Short web captions:
——————

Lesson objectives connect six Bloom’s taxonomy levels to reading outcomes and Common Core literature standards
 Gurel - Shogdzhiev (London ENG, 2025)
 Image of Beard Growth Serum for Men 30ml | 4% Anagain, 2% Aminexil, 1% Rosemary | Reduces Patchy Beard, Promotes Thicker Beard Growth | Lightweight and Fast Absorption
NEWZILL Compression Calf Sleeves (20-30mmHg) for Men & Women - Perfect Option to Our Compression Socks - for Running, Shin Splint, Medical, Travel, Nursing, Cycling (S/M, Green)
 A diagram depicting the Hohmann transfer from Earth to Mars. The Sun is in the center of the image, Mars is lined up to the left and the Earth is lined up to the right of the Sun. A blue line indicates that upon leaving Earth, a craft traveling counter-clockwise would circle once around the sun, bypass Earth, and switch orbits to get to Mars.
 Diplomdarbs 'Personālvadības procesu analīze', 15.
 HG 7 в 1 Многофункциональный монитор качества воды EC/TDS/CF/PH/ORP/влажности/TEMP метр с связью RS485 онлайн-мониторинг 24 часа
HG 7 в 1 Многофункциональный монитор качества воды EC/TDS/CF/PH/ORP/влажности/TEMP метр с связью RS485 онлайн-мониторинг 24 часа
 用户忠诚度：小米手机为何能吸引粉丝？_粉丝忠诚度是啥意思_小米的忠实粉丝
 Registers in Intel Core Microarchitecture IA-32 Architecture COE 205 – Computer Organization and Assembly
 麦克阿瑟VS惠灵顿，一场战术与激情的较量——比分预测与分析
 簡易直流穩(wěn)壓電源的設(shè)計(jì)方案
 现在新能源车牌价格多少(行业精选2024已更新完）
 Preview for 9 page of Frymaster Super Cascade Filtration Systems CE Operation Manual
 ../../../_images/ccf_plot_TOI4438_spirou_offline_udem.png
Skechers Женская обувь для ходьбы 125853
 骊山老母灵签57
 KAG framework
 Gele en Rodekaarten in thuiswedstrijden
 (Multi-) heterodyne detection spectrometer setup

——————

— What the task asks —
Copy over exactly the lines above from the one with "Gele en Rodekaarten in thuiswedstrijden" to the last, both included, and no others.

— Response below —
 Gele en Rodekaarten in thuiswedstrijden
 (Multi-) heterodyne detection spectrometer setup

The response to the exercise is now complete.